Para analistas da indústria, investir em histórias já consolidadas reduz significativamente o risco financeiro em comparação à criação de uma franquia inédita, que exige investimentos semelhantes, mas sem a garantia de uma base de fãs já estabelecida. É justamente nesse contexto que Moana chega aos cinemas. A personagem tornou-se uma das mais populares da Disney na última década, impulsionada não apenas pelo sucesso da animação original, mas também pelo desempenho expressivo no streaming.

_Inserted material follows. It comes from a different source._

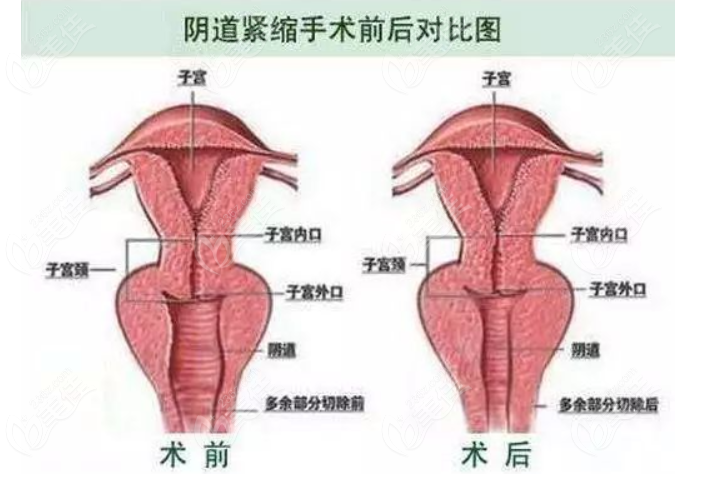 <!--<i data=20240703-sp></i>-->阴道整形价格表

Durante anos, a princesa de Motunui figurou entre os filmes mais assistidos nas plataformas da empresa e consolidou uma geração de novos fãs. O lançamento de Moana 2, que ultrapassou US$ 1 bilhão em bilheteria mundial, reforçou ainda mais o valor comercial da franquia, tornando natural, do ponto de vista empresarial, a decisão de investir em uma versão com atores.
O que vem por aí:
O futuro indica que essa estratégia deve continuar. A Disney já confirmou o desenvolvimento dos live-actions de Enrolados e Hércules, enquanto uma sequência de Lilo & Stitch também já foi anunciada após o desempenho histórico do primeiro filme. Rumores envolvendo adaptações de outras animações, como Frozen, seguem circulando na indústria, embora ainda não tenham sido oficializados.
A tendência mostra que o estúdio continuará apostando em propriedades intelectuais reconhecidas, mesmo diante das críticas sobre a falta de originalidade. A grande questão, porém, é até quando essa fórmula continuará funcionando. O público parece cada vez mais dividido entre o desejo de revisitar personagens clássicos e a expectativa por histórias inéditas.
Se, por um lado, os números comprovam que os live-actions ainda movimentam bilhões de dólares, por outro os fracassos recentes evidenciam que a nostalgia, sozinha, já não é suficiente para garantir sucesso. Para a Disney, o desafio daqui para frente será encontrar o equilíbrio entre revisitar seu vasto catálogo e oferecer experiências capazes de justificar uma nova ida ao cinema.
O desempenho de Moana poderá indicar se essa estratégia ainda tem fôlego para dominar as bilheterias ou se chegou o momento de o estúdio apostar novamente em novos universos e personagens.